Support Actions and Assistance

By Temurai, in Balance Issues

I just ran an Intrigue last night, which ended rather abruptly. All of my players wanted to discuss their arguments, and when one of them really got into it and made a very good option, everyone else ended up choosing to use their arguments in support, basically choosing the Assist action, with the principle player using the Persuade action.

So, I had a player using their 3 Fire and 2 Courtesy to Persuade. They had four other players offering Support, two with the Persuade skill and two without. That meant two extra Ring dice and two extra Skill dice. Then the player spent a Void Point, for yet another Skill die. That made this a roll with 5 Ring dice and 5 Skill dice. With their Fire 3, 4 other players offering Assistance, and 1 Void Point spent, they were able to keep 8 (!) of those dice. One was an exploding success, which rolled an extra success, so in the end, the player ended up getting 5 successes and 4 opportunities. Since the goal was to subtly mock and undercut an opposing NPC, those four successes were spent to cause the NPC to suffer 8 Strife, pushing them over their Composure limit, but that was only an aside to the real Objective: revealing the flaws in the opponent's position.

I really feel that the rules for Assistance are overly generous. With five people working together against one NPC, they should definitely have been coming in with an advantage, but this was over the top. Previous editions only allowed one extra kept die, no matter how many people offering Assistance, for precisely this reason, and I would suggest that rule to curtail some of the insanity. My player would have still had the same dice to roll, and would have been able to keep five of them, which would have been plenty to achieve their goal, but would have had to choose between getting massive amounts of extra successes or having a lot of Opportunities, which would have forced an interesting decision on them.

I realize that I could just use a house rule, but I am trying to test out the beta rules as written. What do people think? Has anyone else had a similar experience with this mechanic?

While I haven't engaged in an Intrigue that utilized a joint argument from PCs I have run court scenarios in previous editions that resulted in great synergy between players to convey a scheme. With my experiences and the scene you described I have to say that I very much cherish the opportunities for cooperative gameplay and outcomes so long as the contribution of players seems fair.

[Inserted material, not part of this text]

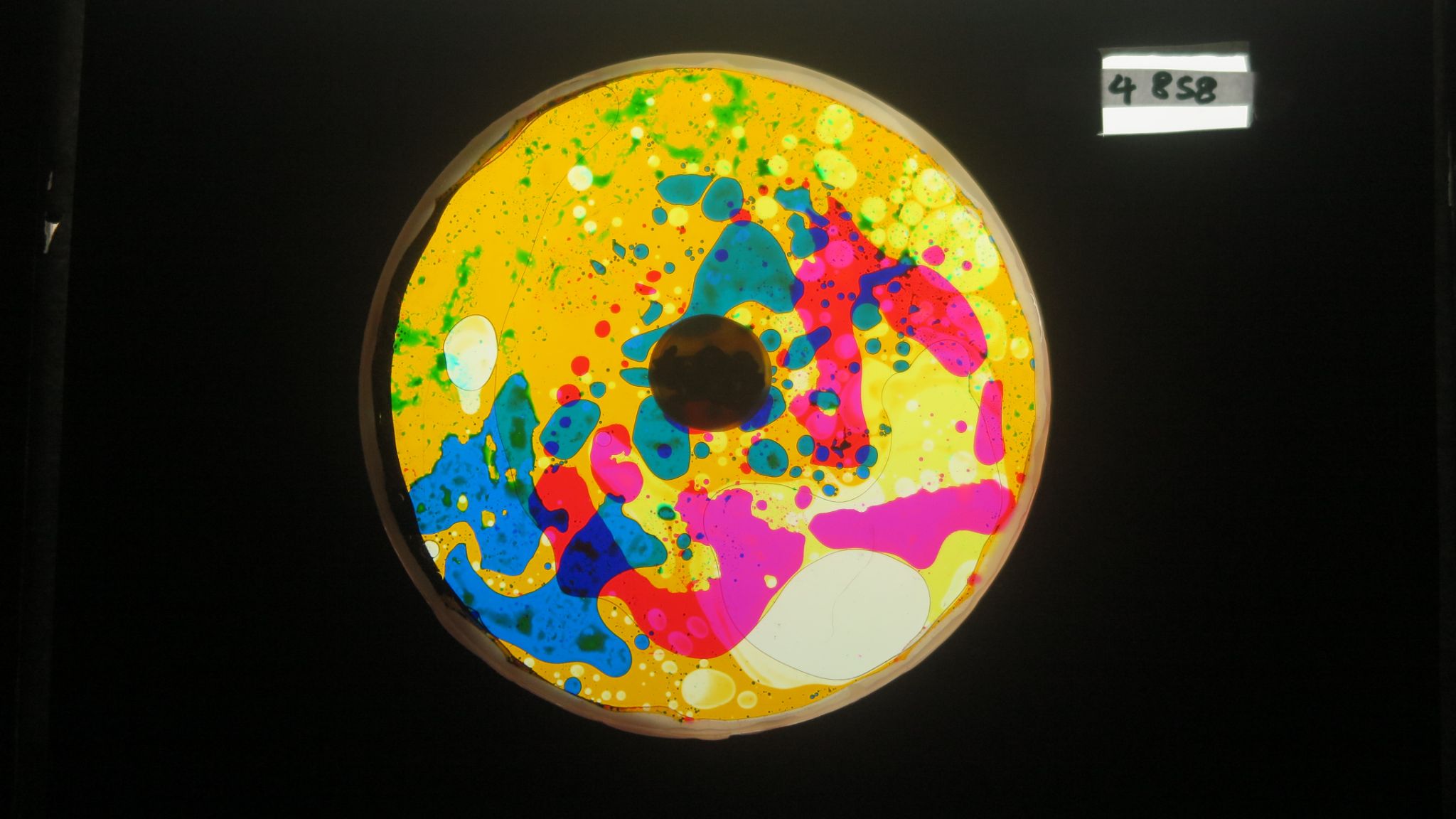 Bubble Vision analogue projection oil wheels effects and lightshows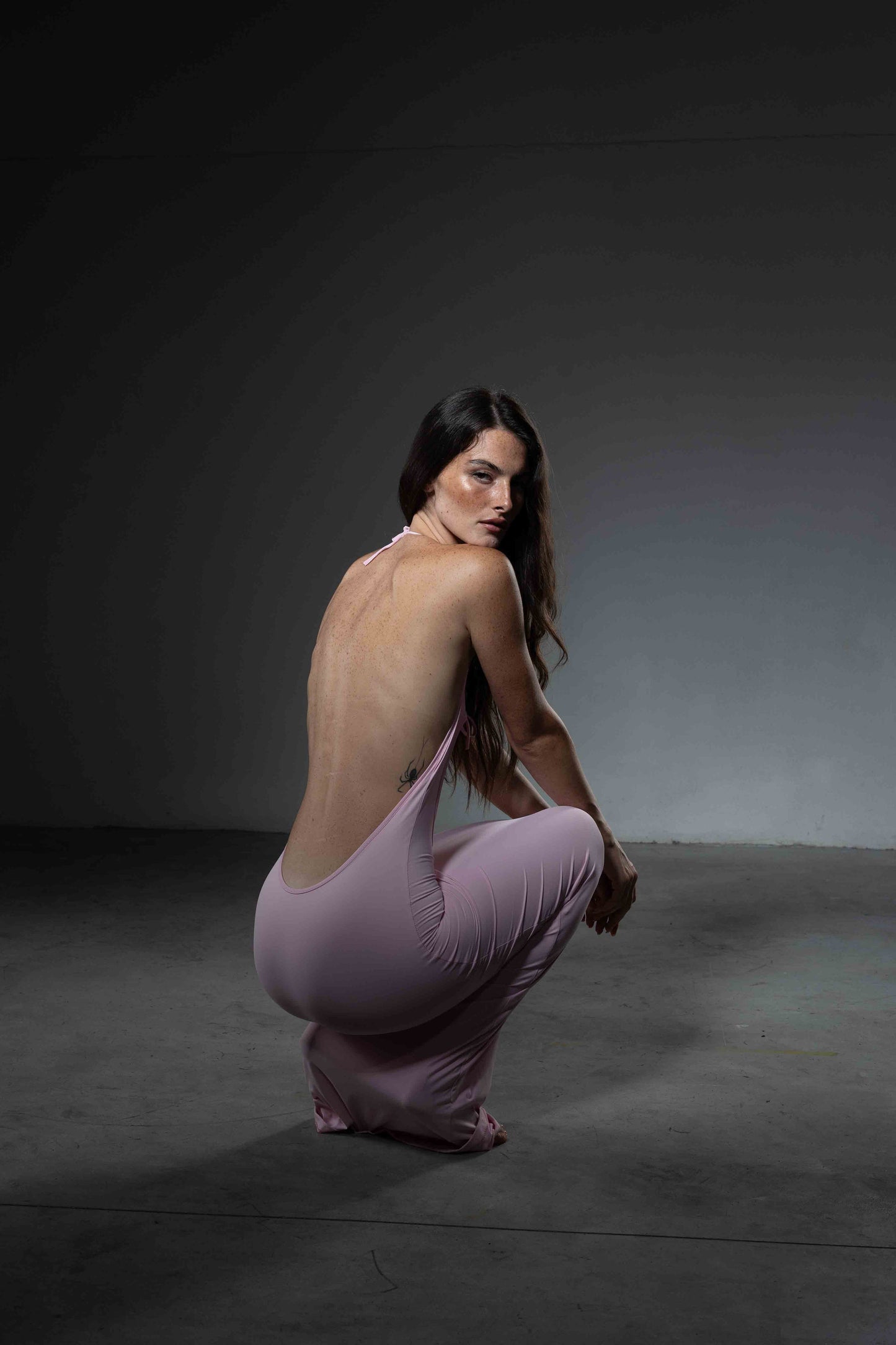 VESTITO DAKOTA ROSA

I believe a use of dimishing returns on assist with any npc that contributes the same stat or skill at a lower rank after the 1st providing an additional dice but not kept. The acceptions of course lie with unique contributions like a component of the argument not considered before or secondary checks to establish new precedent for the poi t as well as apply additional knowledge or tact that could all create opportunities for the rest. I would represent these synergistic schemes or contribution as either free dice with an opportunity or modifying aspects of the target life his vigilance tn or strife. Perhaps even additional opportunity options unique to the interaction.

On 10/29/2017 at 9:43 AM, Temurai said:

Then the player spent a Void Point, for yet another Skill die.

Unless it's been changed in the first update, you can only void for ring die, not skill die.

Indeed, Assistance is pretty darn powerful, I can only attest to that.

It does encourage cooperative gaming tho, so I'm kinda fine with it. It also gives a lot of breather to dice economy, and that's a good thing in this game too.

Assistance is fine for now. It is the only way PCs can hit some of the higher TNs, especially at the lower levels. It is also needed for GMs as PCs hit rank 3+ to keep minions viable.

9 hours ago, jmoschner said:

Assistance is fine for now. It is the only way PCs can hit some of the higher TNs, especially at the lower levels. It is also needed for GMs as PCs hit rank 3+ to keep minions viable.

Taking the 'Ronin's Path' adventure, storming the Kaiu Wall requires the enemy cohort commander making the assault to hit more than 7 successes to do anything . The only way they can possibly achieve this is with multiple stacked assistances.

At the same time... the ability to stack up a 6-7 dice roll does feel excessive. Since there is a distinction between rolled dice and kept dice, getting (effectively) unlimited rolled dice but still being limited to one extra kept dice doesn't sound unreasonable.

That also, incidentally, makes the Ashigaru much more dangerous in numbers:

Quote

Abilities: Rank Tactics (When an ashigaru provides assistance (see page 15) to the Martial skill check of another character at range 0–2, that character adds one kept die showing a [success] result instead of rolling an additional die.)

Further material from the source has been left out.